In that case, I can help rewrite the Steve Rogers example, as it's unpopular enough that even recently we had plenty of people in the forums go in great detail about why they felt it was derailing.
How does this sound?
- Avengers: Endgame - or more specifically, the plot point of Steve Rogers deciding he'd rather stay in the past - is infamously one of the most divisive aspects of the film in part due to how it came off as an example of this. Many fans felt that his subplot in this film about his overwhelming desire to reunite with Peggy is a hasty about-face after previous films placed a lot of emphasis on his desire to adjust to the modern era and his efforts at finding a Second Love in Sharon Carter, who is inexplicably absent from the film, and after every past appearance of his focused on his efforts to rescue and help his best friend Bucky, whereas in this film he makes the decision to leave the now-heartbroken Bucky completely offscreen.
While there is a fair amount of serious speculation, in fact a lot more than the usual shipper whinging, that the change was a result of Disney having a Gay Panic because too many people saw Steve Rogers as Ambiguously Bi, and Character Derailment is an Audience Reaction IIRC, I'm not sure if I should bring that up somewhere or if it's too speculative and inviting of vandalism or defensive editing.
Edit: Alright, done and cited.
Edited by AlleyOop^That looks good. Go ahead and add.
Frankly, I still think the example should be cut on the grounds of it being more of a Broken Base than a dominant fan consensus, although I avoid fandom circles in general and am just going on what I've seen on TV Tropes itself. (I mean, even the rewritten version's calling it 'divisive').
Edited by nrjxllCD states it doesn't have to be badly received, and other audience reactions (like Unintentionally Unsympathetic) allow Broken Base as opposed to just widespread opinions.
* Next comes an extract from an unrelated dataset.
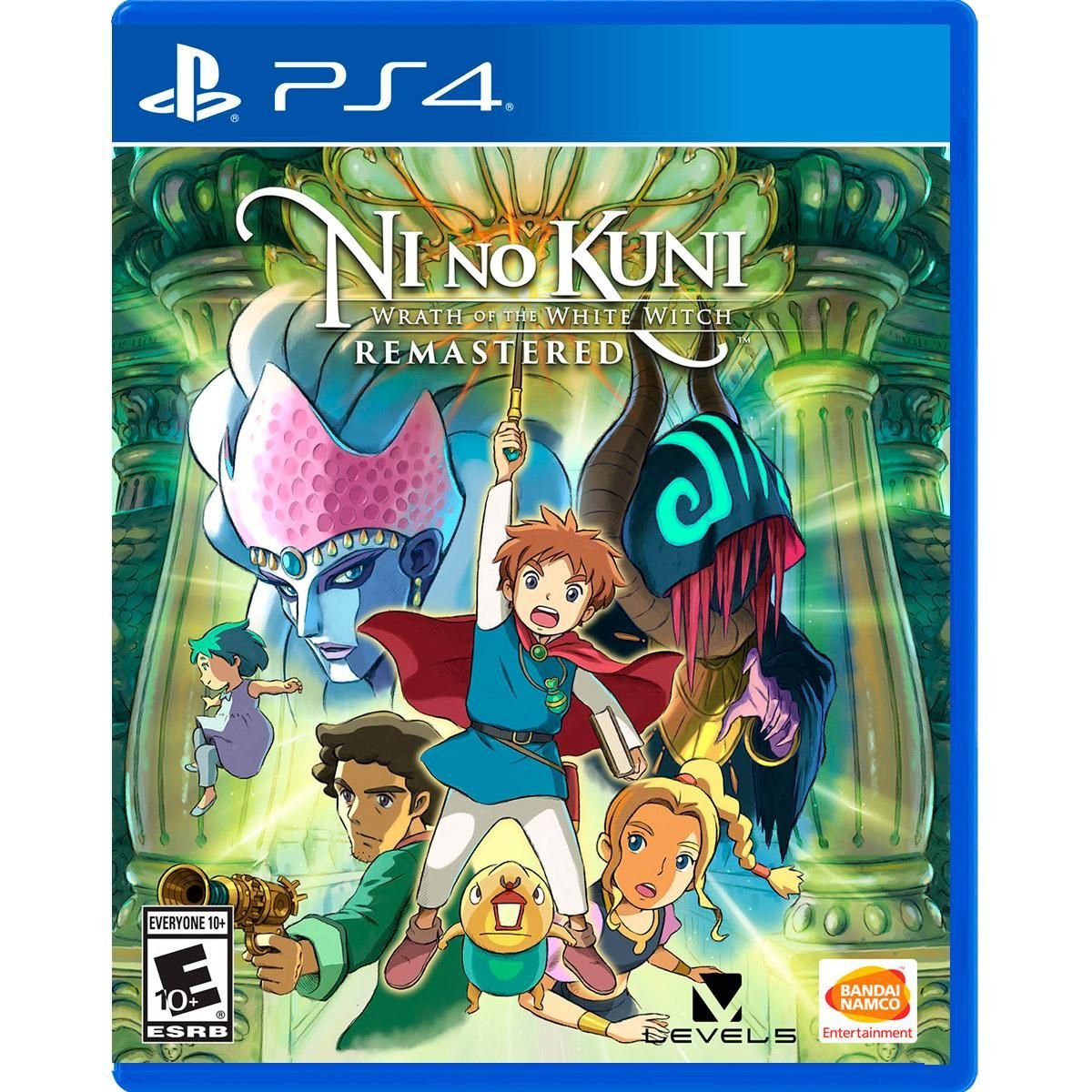 Ni No Kuni Wrath of the White Witch Remastered para PS4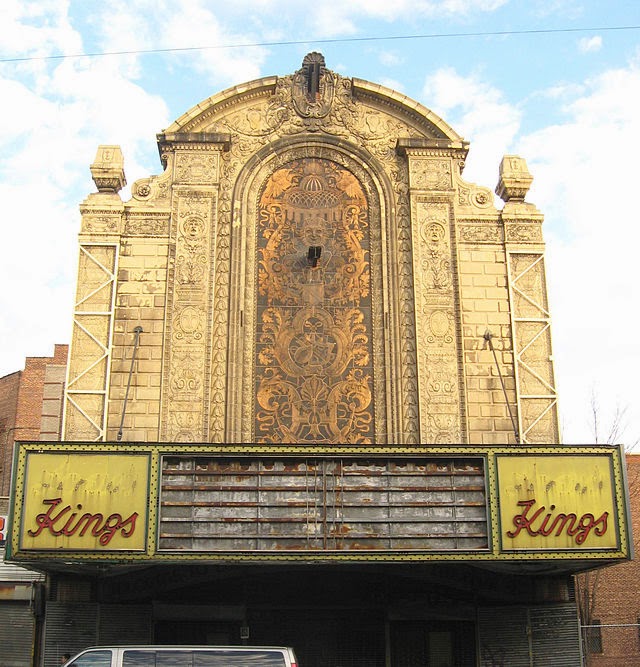 The abandoned Loew's Kings Theatre in New York 1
I asked cleanup on if CD needs more than BB on the matter to count. But if we need to quantity amounts of dislike/lack widely accepted distinction from other character change tropes combined with Ass Pull than that's when I'd say it get's too contentious to be worth keeping (like what happened to Idiot Plot).
But I mean, it's already that in literally all usage I've ever seen. Bringing that part to the cleanup thread, because it does not seem okay.
Luke Skywalker from The Last Jedi was added back to CharacterDerailment.Film despite it having a commented out note at top of the page not to add them.
I first deleted it and added the note per ATT as it was objectively misused. Derailment is about unexplained, not unpopular changes and TLJ clearly showed and explained why he did such, so the complains around that fall under other items. Also Luke nearly killed Vader in a similar Moment of Weakness in ROTJ (why that was uncontroversial is a separate thing) so the the argument behind the Derailment entry is factually incorrect.
Have to ask here before re-removing. Derailment can still apply if fans see the reason as objectively insufficient to explain the change so might that apply here?
On the subject:
Besides the last part arguing against, he got a sub-plot building up to/explaining why he did so. I'll cut this unless I hear anything.